* _Source material_
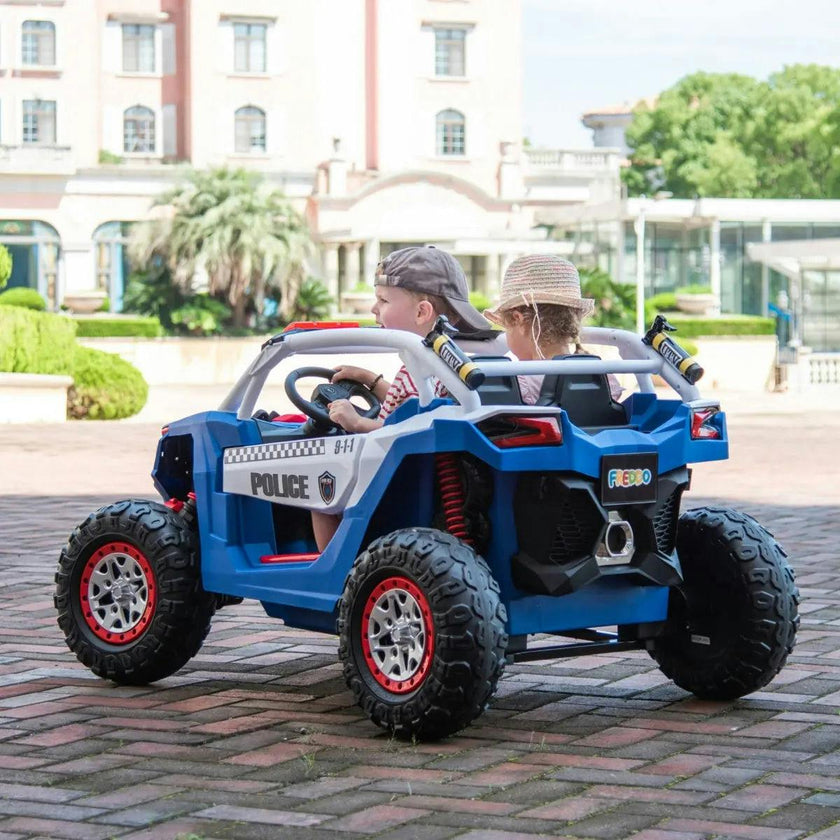 24V 4x4 Freddo Storm Police UTV 2-Seater for Kids with Lights & Sirens for Action-Packed Adventures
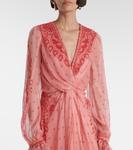 Шелковое платье с принтом Etro, Print On Pink Base - фото 4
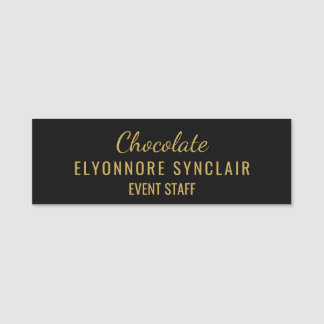 Elegantes Gold-Schwarz-Minimal-Schokoladen-Event-P Namensschild
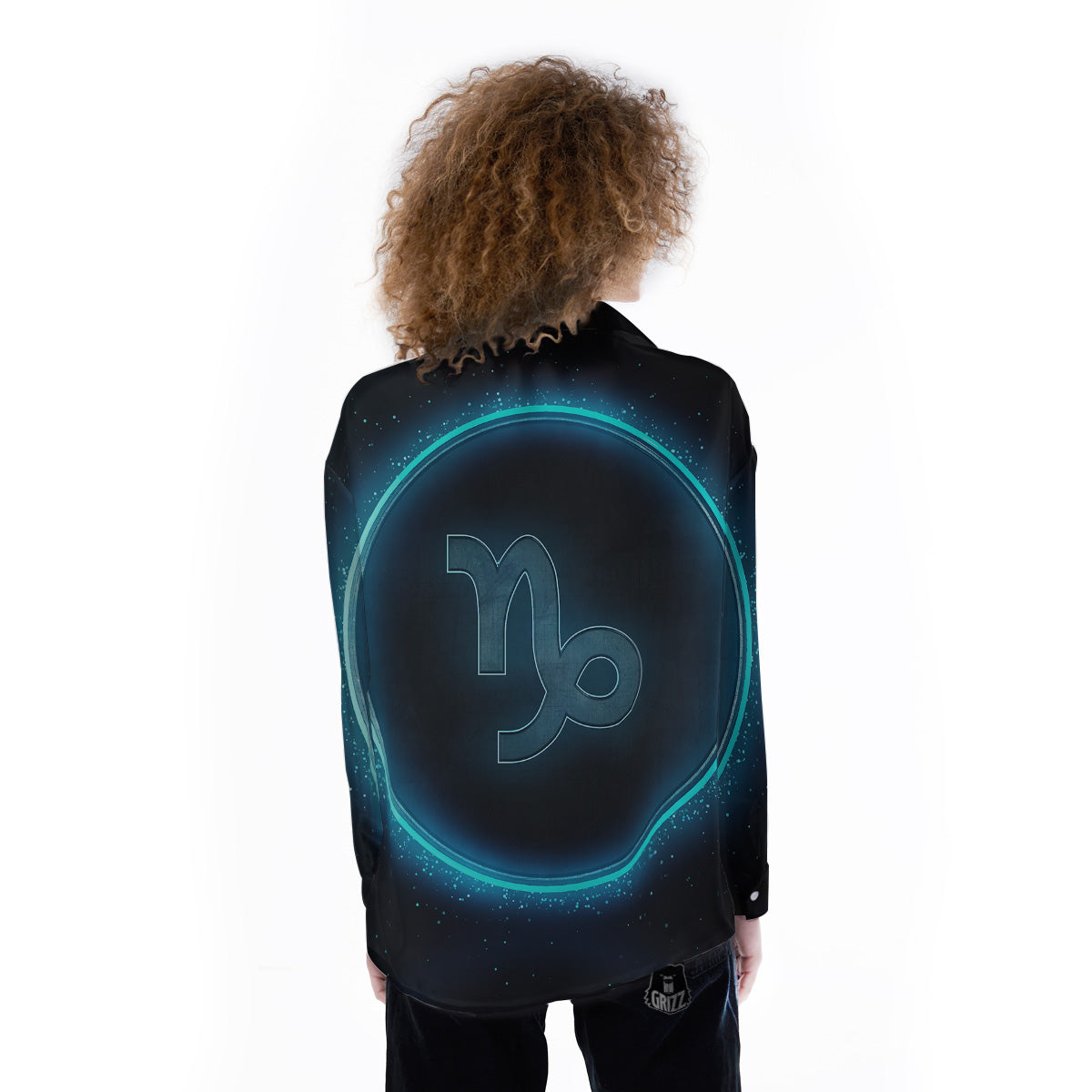 Zodiac Sign Blue Capricorn Print Women's Long Sleeve Shirts-grizzshop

* _Problem to solve_
In the copy, include no pictures, but repeat the listing exactly.

* _Task output_
 24V 4x4 Freddo Storm Police UTV 2-Seater for Kids with Lights & Sirens for Action-Packed Adventures
 Шелковое платье с принтом Etro, Print On Pink Base - фото 4
 Elegantes Gold-Schwarz-Minimal-Schokoladen-Event-P Namensschild
 Zodiac Sign Blue Capricorn Print Women's Long Sleeve Shirts-grizzshop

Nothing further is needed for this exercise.